Login
!
!


Zapomniałeś hasła?



Droga Pando, pozostały Ci dwie próby, aby poprawnie wpisać swoje hasło (są to konieczne środki bezpieczeństwa). Prosimy więc wpisać hasło bardzo ostrożnie. Jeżeli nie pamiętasz swojego hasła, kliknij na link 'Zapomniałem hasła'.

Posts Tagged ‘wywiad’

Wywiad z Williamem Pandabeard!

Sunday, 14 June 2009

Witajcie Pandy!

Już dowiedzieliśmy się z Ellą skąd pochodziły te dziwne hałasy w porcie Panfu: William Pandabeard otwiera tam Bar Piratów! Ponoć to nowe miejsce otworzy swoje drzwi już w przyszłym tygodniu! Nie wiem do końca co mam myśleć o Williamie Pandabeard… W końcu to pirat, który kiedyś ukradł skarb i przyczynił się do zniszczenia przyjaźni Freddy’ego Ośmiornicy i syna Kamarii. To okrutny pirat, złodziej i kłamca!
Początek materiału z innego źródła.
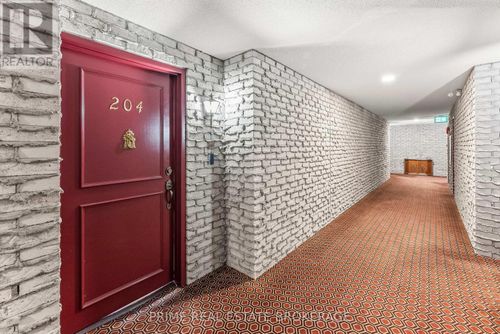 204-693 Windermere Rd, London, ON, N5X2P1 | Card Image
Masz oczywiście rację, Max. Ale zastanówmy się, byc może należy mu dać drugą szansę. Kto wie, może Pandabeard się zmienił i chciałby prowadzić w miarę normalne życie. Każdy może się zmienić. Ale zamiast się zastanawiać, lepiej jest zapytać u źródła! Aby dowiedzieć się nieco więcej o Williamie Pandabeard oraz jego Barze Piratów, poprosiliśmy go o udzielenie nam małego wywiadu!
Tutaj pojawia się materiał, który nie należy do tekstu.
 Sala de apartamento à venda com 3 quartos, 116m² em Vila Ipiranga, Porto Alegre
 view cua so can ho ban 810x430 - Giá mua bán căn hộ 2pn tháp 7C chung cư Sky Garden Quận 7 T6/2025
Witamy Panie Pandabeard. Czy mógłby nam pan wyjaśnić dlaczego ukradł pan tamten skarb?

Witam Was, młode Pandy! A więc chcecie wiedzieć dlaczego ukradłem tamten skarb? Odpowiedź jest prosta: jestem piratem, i taki właśnie jest mój zawód!

Słucham? Chce nam pan powiedzieć, że pirat może bezkarnie okradać ludzi??? To nie jest zawód, tylko złodziejstwo…
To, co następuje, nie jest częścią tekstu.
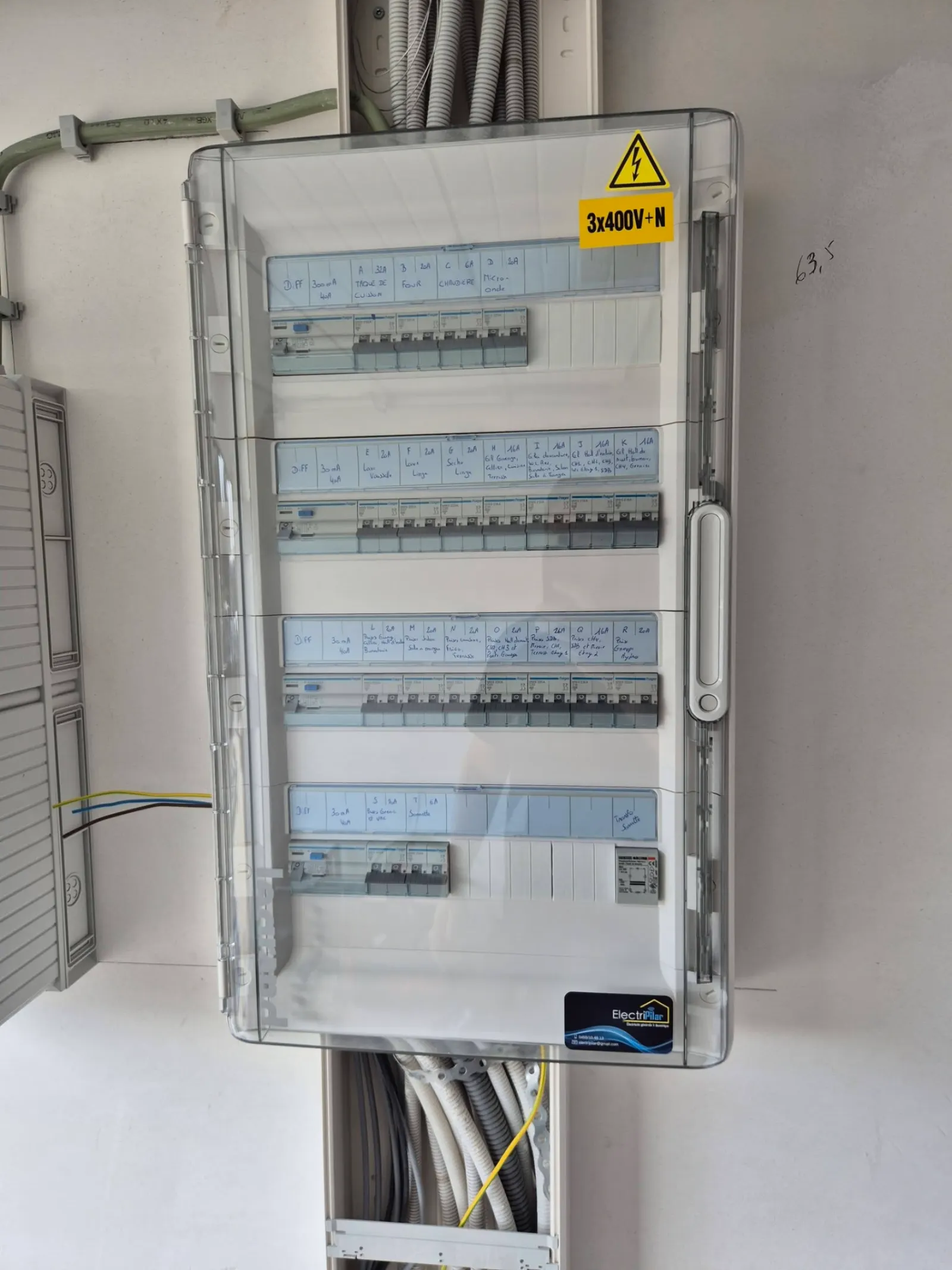 Tableau électrique triphasé 3x400V+N étiqueté et fermé, signature ElectriPilar à Soignies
No dobrze, masz może trochę racji, młodzieńcze… Wpadłem w szpony hazardu… Moja załoga spędzała całe dnie grając w karty i ja też w końcu zacząłem z nimi grać. Po pewnym czasie straciłem całe moje złoto w grze! Nie chciałem jednak dawać za wygraną, więc pożyczyłem złoto od moich ludzi z załogi aby kontynuować grę w karty. I to mnie zgubiło! Musiałem spłacić swoje długi i to szybko. Grozili, że mnie wyrzucą ze statku jeżeli nie dostaną z powrotem złota. Nie miałem więc wyboru i musiałem ukraść ten skarb.

To nie jest powód, aby okradać innych!

Wiem, wiem… Jest mi bardzo przykro z tego powodu. Naprawdę. Jestem gotów aby odkupić swoje winy i zacząć wszystko od nowa. Za wszelką cenę!

Jak wpadł pan na pomysł, aby otworzyć Bar Piratów na Panfu? Nie chce już pan być piratem?

To nieco wstydliwa dla mnie historia. Przez lata pływałem na wszystkich morzach i oceanach, wiele podróżowałem… aż pewnego dnia się rozchorowałem! Ja, wielki wilk morski i słynny pirat, dostałem choroby morskiej! Starość, nie radość… Nie jestem już w stanie pływać na statku i muszę stać się teraz szczurem lądowym! Los Pandy bywa przewrotny. Zmuszony do pozostania na lądzie, pomyślałem, że otworzę bar dla piratów z całego świata. Tego jeszcze nie było na Panfu!

Czym będzie się wyróżniał Bar Piratów? Co będzie można tam robić?

Nie mogę jeszcze wyjawić tych szczegółów. To tajemnica. Jak przyjdziecie to sami się przekonacie! Ale mogę was zaprosić na małe zwiedzanie mojego lokalu. Może nawet pozwolę wam zrobić jakieś zdjęcie dla Waszych czytelników. Muszę się dobrze zastanowić czy to dobry pomysł i dam wam znać. Jedno mogę powiedzieć wszystkim Pandom: w moim barze będziecie mogli dać upust waszym emocjom i czasem usłyszycie ode mnie jakąś ciekawą historię o piratach…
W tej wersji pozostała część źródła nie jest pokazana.